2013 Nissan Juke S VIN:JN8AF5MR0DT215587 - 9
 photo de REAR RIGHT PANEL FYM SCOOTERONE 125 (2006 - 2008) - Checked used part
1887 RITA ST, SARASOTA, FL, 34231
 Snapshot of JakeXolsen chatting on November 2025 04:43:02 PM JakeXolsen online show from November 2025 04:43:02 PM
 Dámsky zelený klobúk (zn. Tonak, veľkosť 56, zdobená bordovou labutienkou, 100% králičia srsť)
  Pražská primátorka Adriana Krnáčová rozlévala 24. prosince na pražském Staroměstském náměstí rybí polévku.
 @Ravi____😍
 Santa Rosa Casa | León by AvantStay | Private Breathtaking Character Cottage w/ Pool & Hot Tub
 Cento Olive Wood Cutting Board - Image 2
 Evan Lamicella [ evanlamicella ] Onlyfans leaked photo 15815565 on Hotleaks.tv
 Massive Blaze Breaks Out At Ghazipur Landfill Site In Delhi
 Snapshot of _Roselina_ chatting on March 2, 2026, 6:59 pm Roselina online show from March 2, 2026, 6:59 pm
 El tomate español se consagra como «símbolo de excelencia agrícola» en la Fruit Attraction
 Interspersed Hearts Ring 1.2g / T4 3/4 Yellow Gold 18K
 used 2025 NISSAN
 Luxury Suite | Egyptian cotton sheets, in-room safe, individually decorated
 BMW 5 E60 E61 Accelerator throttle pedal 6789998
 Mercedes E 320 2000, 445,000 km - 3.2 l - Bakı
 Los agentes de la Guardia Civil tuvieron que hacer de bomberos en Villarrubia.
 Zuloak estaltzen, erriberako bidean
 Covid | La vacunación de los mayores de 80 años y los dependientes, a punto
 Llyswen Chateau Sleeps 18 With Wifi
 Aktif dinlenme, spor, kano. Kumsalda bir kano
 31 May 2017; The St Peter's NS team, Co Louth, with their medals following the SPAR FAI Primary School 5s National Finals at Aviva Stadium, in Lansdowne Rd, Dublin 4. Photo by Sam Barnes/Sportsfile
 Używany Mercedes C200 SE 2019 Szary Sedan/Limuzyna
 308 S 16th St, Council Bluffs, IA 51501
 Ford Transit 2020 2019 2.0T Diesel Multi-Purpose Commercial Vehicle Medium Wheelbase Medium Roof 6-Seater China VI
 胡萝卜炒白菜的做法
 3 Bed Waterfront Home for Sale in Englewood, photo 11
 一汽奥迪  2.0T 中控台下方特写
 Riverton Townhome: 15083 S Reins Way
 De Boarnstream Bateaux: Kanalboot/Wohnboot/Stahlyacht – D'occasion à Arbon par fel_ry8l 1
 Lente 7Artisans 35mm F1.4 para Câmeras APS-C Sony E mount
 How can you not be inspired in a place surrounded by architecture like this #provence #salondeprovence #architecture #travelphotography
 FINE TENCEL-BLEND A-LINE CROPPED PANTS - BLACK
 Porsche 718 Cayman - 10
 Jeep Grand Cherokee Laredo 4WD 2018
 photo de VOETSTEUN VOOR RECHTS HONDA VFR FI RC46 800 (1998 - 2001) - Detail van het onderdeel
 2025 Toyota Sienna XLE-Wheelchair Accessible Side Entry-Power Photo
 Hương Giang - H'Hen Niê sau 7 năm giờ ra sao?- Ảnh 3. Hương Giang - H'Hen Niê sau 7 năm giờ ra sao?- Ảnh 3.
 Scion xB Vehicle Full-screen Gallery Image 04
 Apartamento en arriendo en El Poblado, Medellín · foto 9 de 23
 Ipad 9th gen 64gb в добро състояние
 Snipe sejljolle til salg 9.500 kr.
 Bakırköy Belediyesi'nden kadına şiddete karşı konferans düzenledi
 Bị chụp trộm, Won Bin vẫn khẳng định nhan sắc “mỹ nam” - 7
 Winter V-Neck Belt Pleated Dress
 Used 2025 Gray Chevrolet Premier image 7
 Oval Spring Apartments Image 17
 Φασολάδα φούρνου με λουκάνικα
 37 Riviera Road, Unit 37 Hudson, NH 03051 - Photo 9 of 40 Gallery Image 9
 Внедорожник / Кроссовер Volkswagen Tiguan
+++
## PROBLEM TO SOLVE
Lines of the material may hold the string "online". Copy each one that does.

## ANSWER AREA
 Snapshot of JakeXolsen chatting on November 2025 04:43:02 PM JakeXolsen online show from November 2025 04:43:02 PM
 Snapshot of _Roselina_ chatting on March 2, 2026, 6:59 pm Roselina online show from March 2, 2026, 6:59 pm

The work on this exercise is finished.